Which lines hold the word "noir"? Copy each of them from the material.

» **DATASET EXCERPTS**:
'''

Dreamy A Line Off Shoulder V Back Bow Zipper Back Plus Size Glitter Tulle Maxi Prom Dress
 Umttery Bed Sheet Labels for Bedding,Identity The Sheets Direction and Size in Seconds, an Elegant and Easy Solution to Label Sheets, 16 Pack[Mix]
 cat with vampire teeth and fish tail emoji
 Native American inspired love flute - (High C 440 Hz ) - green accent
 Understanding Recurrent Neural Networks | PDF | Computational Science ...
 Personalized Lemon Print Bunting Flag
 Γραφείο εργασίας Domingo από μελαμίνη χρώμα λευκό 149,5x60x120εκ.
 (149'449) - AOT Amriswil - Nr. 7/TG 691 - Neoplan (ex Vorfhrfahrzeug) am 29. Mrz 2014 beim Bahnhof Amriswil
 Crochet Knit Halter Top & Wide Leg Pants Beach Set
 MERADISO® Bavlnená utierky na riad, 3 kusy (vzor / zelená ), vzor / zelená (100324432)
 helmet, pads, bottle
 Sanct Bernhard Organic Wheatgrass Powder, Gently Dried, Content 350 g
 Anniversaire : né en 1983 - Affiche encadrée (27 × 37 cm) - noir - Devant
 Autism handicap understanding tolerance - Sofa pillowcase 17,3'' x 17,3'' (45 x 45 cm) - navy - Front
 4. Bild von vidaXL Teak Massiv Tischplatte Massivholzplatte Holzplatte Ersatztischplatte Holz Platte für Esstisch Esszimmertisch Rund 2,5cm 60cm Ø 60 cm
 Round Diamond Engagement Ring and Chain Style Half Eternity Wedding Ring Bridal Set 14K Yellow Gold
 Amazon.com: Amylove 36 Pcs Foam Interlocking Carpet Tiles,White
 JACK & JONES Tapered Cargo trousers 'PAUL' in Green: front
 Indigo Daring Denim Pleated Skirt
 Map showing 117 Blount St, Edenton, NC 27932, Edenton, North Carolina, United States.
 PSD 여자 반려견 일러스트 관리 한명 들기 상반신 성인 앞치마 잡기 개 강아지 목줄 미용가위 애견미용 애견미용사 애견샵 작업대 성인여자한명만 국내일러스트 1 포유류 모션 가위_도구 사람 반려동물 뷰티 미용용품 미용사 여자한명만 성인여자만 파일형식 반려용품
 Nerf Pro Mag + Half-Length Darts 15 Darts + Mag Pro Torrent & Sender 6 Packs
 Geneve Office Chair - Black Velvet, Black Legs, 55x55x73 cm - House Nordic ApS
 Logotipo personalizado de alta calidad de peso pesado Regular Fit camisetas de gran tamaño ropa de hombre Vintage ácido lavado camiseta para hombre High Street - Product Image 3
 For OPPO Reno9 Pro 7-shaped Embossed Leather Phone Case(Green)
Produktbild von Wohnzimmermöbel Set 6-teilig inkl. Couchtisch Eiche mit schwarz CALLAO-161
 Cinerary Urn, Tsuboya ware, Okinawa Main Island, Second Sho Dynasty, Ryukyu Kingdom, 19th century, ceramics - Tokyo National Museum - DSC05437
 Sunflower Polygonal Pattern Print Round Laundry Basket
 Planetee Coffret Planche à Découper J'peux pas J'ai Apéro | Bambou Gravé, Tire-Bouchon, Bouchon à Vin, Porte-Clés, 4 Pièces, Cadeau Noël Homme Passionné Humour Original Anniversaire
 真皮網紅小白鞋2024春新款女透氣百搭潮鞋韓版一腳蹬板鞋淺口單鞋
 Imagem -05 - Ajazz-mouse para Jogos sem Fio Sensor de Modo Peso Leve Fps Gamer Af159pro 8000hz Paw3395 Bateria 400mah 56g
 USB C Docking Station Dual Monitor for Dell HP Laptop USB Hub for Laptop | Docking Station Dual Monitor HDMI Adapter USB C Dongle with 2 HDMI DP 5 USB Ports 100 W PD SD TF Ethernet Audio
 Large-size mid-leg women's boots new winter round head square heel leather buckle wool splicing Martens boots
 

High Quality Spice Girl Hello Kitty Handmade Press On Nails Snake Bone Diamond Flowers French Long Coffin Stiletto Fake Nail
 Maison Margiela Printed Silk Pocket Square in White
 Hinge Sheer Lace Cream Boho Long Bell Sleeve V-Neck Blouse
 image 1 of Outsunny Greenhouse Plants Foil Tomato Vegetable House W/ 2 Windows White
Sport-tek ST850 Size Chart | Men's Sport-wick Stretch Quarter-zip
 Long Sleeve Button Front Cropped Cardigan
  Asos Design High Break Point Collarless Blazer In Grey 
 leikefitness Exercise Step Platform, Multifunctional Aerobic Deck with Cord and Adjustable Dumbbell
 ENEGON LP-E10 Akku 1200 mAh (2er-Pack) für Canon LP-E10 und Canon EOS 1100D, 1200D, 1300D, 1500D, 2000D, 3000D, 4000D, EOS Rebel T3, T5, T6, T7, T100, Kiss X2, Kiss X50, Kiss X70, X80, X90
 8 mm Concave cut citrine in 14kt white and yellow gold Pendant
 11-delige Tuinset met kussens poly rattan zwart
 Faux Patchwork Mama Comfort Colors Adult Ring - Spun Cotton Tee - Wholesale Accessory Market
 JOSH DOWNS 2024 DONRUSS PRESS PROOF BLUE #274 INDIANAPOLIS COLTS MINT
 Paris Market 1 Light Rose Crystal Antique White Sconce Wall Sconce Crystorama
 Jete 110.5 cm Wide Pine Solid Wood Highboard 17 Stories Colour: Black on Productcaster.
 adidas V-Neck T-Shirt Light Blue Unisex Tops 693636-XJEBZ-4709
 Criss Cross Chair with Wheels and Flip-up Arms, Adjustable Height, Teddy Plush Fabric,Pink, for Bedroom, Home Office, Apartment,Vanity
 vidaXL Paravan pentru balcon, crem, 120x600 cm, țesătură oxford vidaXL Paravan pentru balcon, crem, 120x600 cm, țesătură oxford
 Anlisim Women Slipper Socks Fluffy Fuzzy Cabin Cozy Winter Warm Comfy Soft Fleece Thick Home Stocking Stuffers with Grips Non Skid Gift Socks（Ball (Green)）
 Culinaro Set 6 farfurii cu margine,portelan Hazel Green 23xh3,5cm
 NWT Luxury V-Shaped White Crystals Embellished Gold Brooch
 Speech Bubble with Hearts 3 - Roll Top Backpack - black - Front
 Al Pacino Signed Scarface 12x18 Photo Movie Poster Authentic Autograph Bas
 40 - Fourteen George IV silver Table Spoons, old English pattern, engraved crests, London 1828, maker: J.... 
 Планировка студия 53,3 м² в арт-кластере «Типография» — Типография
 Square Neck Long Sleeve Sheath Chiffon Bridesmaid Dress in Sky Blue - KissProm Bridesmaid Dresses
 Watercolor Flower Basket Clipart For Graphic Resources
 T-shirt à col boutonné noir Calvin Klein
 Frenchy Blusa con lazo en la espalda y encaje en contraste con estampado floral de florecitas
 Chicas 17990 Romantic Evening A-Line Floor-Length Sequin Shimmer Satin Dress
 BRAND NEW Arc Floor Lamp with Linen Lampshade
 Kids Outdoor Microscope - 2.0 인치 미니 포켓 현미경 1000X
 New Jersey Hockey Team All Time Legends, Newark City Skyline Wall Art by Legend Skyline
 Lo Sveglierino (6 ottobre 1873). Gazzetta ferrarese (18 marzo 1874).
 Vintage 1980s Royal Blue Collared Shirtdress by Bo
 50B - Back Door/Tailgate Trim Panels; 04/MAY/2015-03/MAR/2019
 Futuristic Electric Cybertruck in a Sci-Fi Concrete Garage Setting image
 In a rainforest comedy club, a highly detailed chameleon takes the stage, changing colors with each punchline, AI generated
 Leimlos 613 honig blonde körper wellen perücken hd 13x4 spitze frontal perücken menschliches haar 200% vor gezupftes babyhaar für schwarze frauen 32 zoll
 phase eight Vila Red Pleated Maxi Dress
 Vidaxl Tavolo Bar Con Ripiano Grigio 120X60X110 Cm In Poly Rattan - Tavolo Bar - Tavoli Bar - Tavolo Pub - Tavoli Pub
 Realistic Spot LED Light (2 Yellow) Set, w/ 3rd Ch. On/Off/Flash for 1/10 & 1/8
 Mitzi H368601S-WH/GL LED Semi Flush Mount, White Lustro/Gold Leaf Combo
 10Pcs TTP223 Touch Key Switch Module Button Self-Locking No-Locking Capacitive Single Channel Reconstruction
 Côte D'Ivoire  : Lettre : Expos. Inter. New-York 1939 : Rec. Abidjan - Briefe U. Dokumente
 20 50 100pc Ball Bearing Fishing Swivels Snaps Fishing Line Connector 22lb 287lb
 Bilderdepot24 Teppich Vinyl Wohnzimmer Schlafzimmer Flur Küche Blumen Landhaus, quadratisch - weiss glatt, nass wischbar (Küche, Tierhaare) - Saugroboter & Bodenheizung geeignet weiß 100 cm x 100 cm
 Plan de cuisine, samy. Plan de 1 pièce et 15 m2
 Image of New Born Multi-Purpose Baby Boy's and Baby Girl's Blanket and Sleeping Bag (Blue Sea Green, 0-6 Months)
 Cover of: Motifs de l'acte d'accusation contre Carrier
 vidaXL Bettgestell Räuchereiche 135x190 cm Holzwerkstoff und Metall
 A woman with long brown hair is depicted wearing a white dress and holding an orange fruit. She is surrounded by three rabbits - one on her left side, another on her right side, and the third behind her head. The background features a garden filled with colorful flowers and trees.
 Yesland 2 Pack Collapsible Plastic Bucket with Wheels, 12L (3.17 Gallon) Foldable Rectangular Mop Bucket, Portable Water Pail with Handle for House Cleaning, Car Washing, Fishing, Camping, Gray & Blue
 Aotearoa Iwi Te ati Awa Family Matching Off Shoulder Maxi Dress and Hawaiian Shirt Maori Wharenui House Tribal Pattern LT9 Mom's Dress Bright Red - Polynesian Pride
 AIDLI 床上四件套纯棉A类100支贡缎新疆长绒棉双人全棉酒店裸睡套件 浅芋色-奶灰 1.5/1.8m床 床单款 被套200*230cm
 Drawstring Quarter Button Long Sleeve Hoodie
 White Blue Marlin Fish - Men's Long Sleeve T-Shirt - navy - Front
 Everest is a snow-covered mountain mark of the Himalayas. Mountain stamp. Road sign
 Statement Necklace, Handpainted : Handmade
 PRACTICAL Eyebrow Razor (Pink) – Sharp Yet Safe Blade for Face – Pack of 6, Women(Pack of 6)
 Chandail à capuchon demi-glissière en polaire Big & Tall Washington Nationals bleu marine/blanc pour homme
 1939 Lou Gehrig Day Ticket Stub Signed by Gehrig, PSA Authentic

'''

» **OUTPUT FOR THIS TASK**:
 Anniversaire : né en 1983 - Affiche encadrée (27 × 37 cm) - noir - Devant
 T-shirt à col boutonné noir Calvin Klein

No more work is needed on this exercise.